Não é fato amplamente conhecido, mas a Guarda Imperial de Shiar foi inspirada na Legião dos Super-Heróis. O Gladiador é o Mon-El, Starbolt é o Solar, e por aí vai. Rápida análise da primeira aparição do supergrupo em X-Men # 107 (outubro de 1977) mostra que até Brainiac 5 ganhou sua versão marvética com o discreto Mentor. Forçoso reconhecer que a Guarda Imperial tornou-se parte indissolúvel do Universo Marvel e que sua esfera de influência há muito transbordou da seara dos mutantes, espraiando-se também para títulos de heróis mais convencionais como os Vingadores.

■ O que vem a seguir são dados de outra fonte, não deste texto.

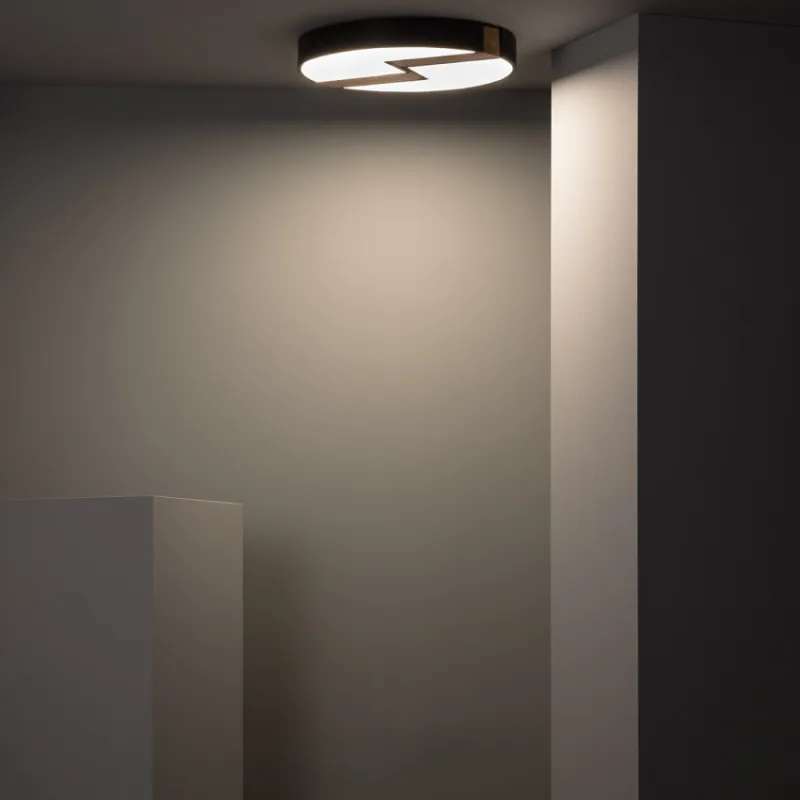 Plafonnier led 27w cct-rond 48cm-3000k-4000k-6000k métal noir et décor bois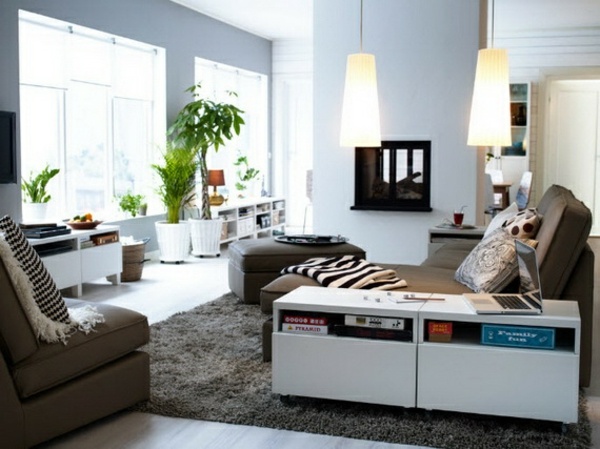 living room design brown sofa ikea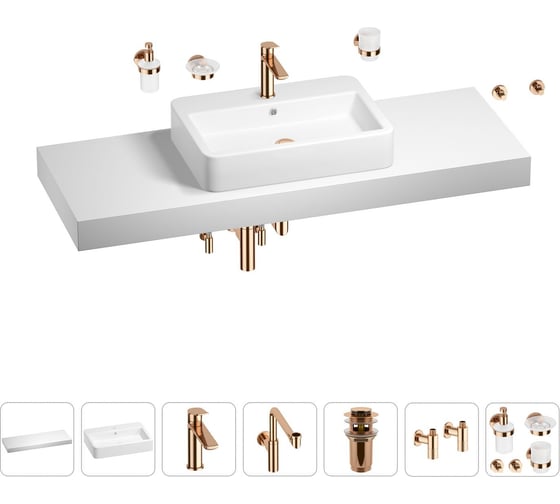 Комплект мебели для ванной комнаты Wellsee Genuine Tree с раковиной 201018254 1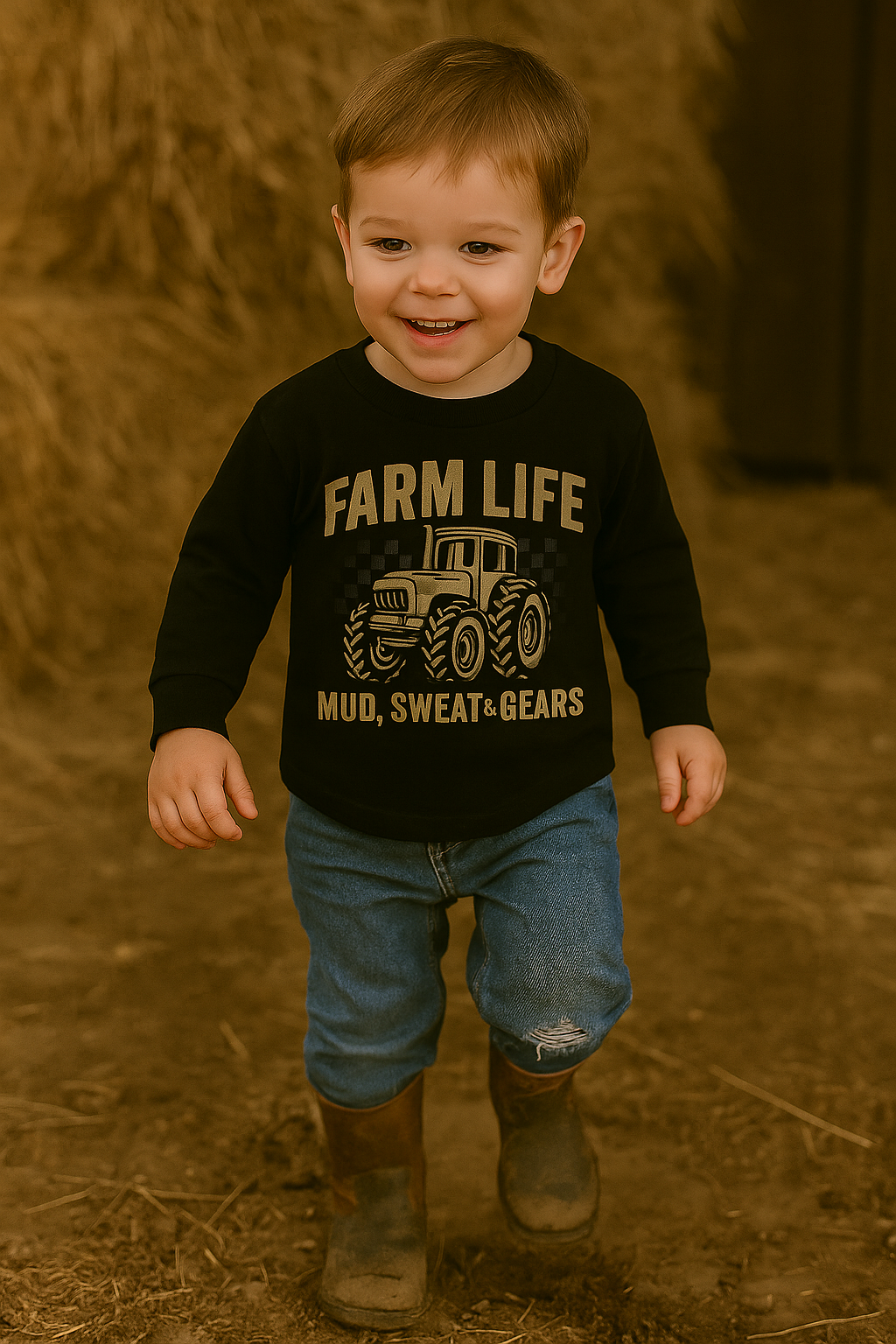 Farm Life Toddler Shirt | Mud Sweat & Gears Long Sleeve | Tractor Shirt for Kids | Rural Country Boys Tee | Rustic Farm Toddler Top | Lil Crop Tops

Para muitos leitores, incluindo este que vos fala, a grande história que envolveu a Guarda Imperial foi o desfecho da Saga da Fênix. Este grande clássico dos quadrinhos e ápice supremo da dobradinha Claremont/Byrne contou com a importante participação do grupo alienígena. E sim, meus caros, é duro admitir – especialmente para um hater da Legião dos Super-Heróis, como eu – que os Legionários deram um cacete nos X-men num dos momentos mais trágicos e gloriosos dos comics norteamericanos.

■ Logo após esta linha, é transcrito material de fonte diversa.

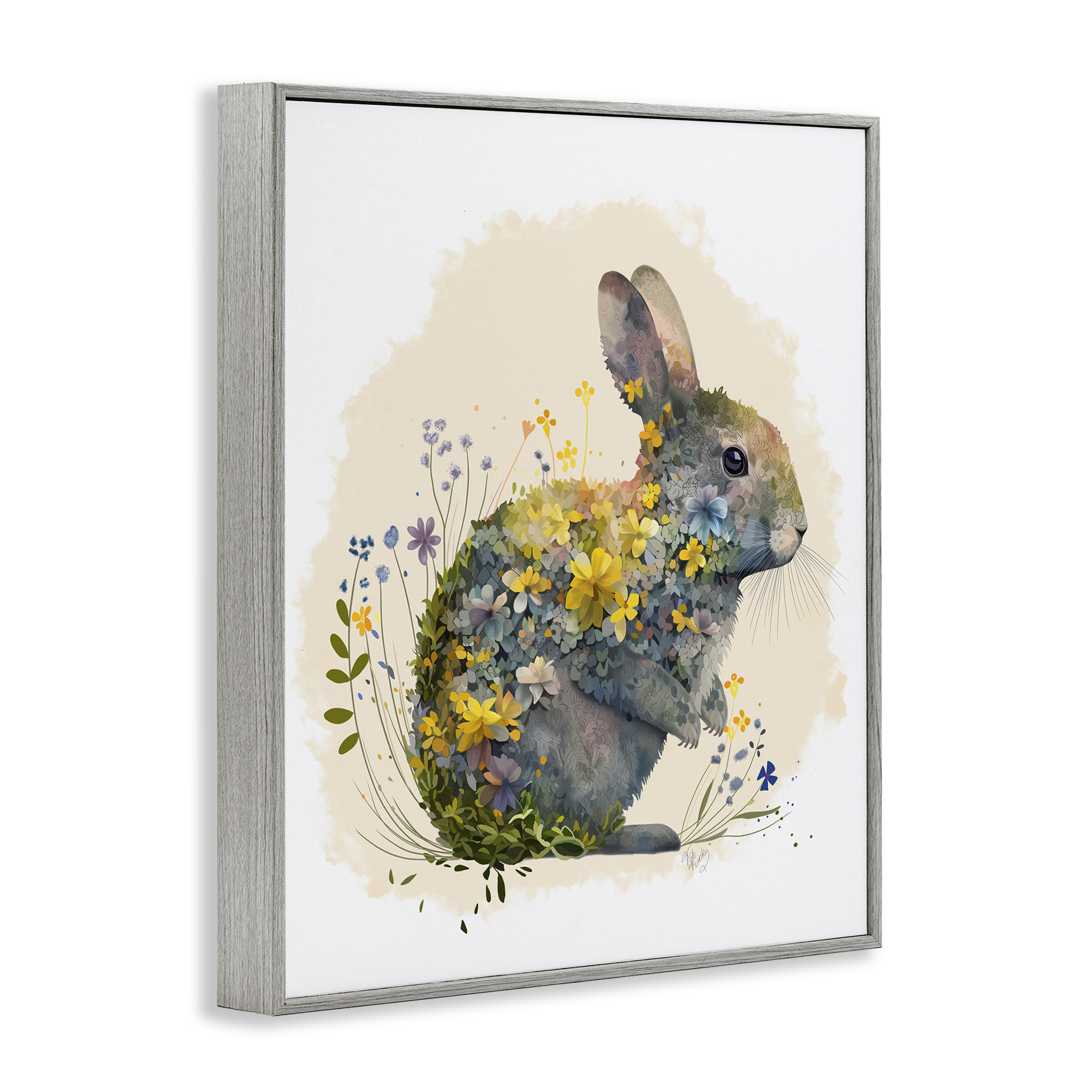 Stupell Industries Rabbit with Buttercup Flowers Animals & Insects Painting Gray Framed Art Print Wall Art, 11 x 14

Claro que dizer que a GIS é superior à Legião é uma opinião estritamente pessoal, mas parece-me que o supergrupo da Marvel é mais arrojado e peculiar. O visual hiponga dos integrantes da GIS, cortesia de Dave Cockrum, é puro deleite e sofisticação. Saem os rostinhos de adolescentes playboyzinhos e entram as faces atormentadas de alienígenas cascudos. Sem falar que, talvez com a exceção do Gladiador, nunca houve efetiva esmiuçada das origens secretas dos membros da Guarda Imperial, o que poderia resultar na produção de histórias estupidamente interessantes.

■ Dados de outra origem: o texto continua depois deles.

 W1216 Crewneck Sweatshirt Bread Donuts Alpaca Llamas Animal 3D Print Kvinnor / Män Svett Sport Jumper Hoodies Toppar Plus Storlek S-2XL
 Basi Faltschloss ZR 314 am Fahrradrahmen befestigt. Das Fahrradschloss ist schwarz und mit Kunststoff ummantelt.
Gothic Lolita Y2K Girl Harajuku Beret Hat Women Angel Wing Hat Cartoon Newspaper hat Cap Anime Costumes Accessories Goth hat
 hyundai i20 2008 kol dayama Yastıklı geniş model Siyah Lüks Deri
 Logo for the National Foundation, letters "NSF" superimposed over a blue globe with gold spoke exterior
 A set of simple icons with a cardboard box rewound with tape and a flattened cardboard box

Legião dos Super-Heróis (colunas ímpares) e GIS (colunas pares): semelhanças inegáveis

Legião dos Super-Heróis (colunas ímpares) e GIS (colunas pares): semelhanças inegáveis

Afinal de contas, copiar compensa?

Utilizar personagens de sucesso e bem estabelecidos da concorrência vale a pena. Em primeiro lugar, o empréstimo de personagens fomenta experimentos interessantes como interações de atores que nunca se encontrariam fora dos crossovers editoriais. Além disso, o fato de usar personagens prontos é conveniente, porque eventual falta de sucesso das histórias não trará maiores problemas, bastando relegar a cópia ao limbo. Se, ao contrário, houver repercussão positiva, tanto melhor, já que a editora que recriou o personagem conseguirá resultados minimamente satisfatórios com baixo investimento de tempo e dinheiro. Finalmente, a recriação de heróis pode ensejar a produção de momentos cômicos e ou peculiares, que podem até significar aperfeiçoamento em relação aos personagens originais. Se o Flash (Barry Allen) era policial antes de ganhar os poderes, sua versão no Esquadrão Supremo (Whizzer) era carteiro. Vai dizer que não faz mais sentido o último ter sido agraciado com o dom da velocidade?

Possíveis questionamentos judiciais relativos a direitos autorais tampouco preocupam. O plágio inter-editorial é recíproco e desestimula o ajuizamento de ações, já que a editora que processa num dia será processada no outro. Conforme visto, a prática do plágio é tão disseminada e descarada que Marvel e DC fazem vista grossa para novas ocorrências.

Copiar personagens é um jogo de ganha-ganha para todos os envolvidos. Ganha a editora que teve o personagem copiado, já que há reconhecimento tácito da importância e capacidade de influência daquele personagem. E ganha ainda mais a editora que plagiou, já que, com pequeno esforço, consegue reforçar seu panteão de heróis e vilões, no melhor estilo o que vier é lucro.

Cena de Avengers # 144 : Esquadrão Supremo vs Vingadores ou Liga vs Campeões de Angor?

Cena de Avengers # 144 : Esquadrão Supremo vs Vingadores ou Liga vs Campeões de Angor?